### [About this exercise]
Everything from the line with "Mayaxess Étui pour" to the end of the data should be restated word for word, and nothing before it.
--- START ---
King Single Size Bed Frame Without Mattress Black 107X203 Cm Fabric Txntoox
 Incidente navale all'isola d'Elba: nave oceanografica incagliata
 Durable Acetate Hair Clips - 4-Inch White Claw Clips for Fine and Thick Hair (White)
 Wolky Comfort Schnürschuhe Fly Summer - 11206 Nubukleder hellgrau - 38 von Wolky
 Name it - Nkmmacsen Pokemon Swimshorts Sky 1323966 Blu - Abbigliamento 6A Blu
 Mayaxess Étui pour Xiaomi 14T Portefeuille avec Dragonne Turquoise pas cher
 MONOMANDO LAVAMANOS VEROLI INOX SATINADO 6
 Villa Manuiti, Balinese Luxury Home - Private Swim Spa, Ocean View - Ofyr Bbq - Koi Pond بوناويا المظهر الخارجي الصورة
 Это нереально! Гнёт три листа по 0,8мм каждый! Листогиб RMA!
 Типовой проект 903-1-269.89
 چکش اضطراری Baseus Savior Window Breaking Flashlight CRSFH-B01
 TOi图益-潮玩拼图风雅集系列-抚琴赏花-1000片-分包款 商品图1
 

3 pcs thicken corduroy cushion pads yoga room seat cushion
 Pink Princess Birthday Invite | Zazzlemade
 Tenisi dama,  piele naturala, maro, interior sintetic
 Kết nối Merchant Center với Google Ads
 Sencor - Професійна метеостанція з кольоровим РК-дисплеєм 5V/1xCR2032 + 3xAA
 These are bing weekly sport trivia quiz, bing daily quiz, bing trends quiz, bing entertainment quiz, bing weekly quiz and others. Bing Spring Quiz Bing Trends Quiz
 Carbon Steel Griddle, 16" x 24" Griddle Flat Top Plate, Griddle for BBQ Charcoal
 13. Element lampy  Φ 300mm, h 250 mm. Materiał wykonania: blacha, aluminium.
--- END ---
### [Response to this exercise]
 Mayaxess Étui pour Xiaomi 14T Portefeuille avec Dragonne Turquoise pas cher
 MONOMANDO LAVAMANOS VEROLI INOX SATINADO 6
 Villa Manuiti, Balinese Luxury Home - Private Swim Spa, Ocean View - Ofyr Bbq - Koi Pond بوناويا المظهر الخارجي الصورة
 Это нереально! Гнёт три листа по 0,8мм каждый! Листогиб RMA!
 Типовой проект 903-1-269.89
 چکش اضطراری Baseus Savior Window Breaking Flashlight CRSFH-B01
 TOi图益-潮玩拼图风雅集系列-抚琴赏花-1000片-分包款 商品图1
 

3 pcs thicken corduroy cushion pads yoga room seat cushion
 Pink Princess Birthday Invite | Zazzlemade
 Tenisi dama,  piele naturala, maro, interior sintetic
 Kết nối Merchant Center với Google Ads
 Sencor - Професійна метеостанція з кольоровим РК-дисплеєм 5V/1xCR2032 + 3xAA
 These are bing weekly sport trivia quiz, bing daily quiz, bing trends quiz, bing entertainment quiz, bing weekly quiz and others. Bing Spring Quiz Bing Trends Quiz
 Carbon Steel Griddle, 16" x 24" Griddle Flat Top Plate, Griddle for BBQ Charcoal
 13. Element lampy  Φ 300mm, h 250 mm. Materiał wykonania: blacha, aluminium.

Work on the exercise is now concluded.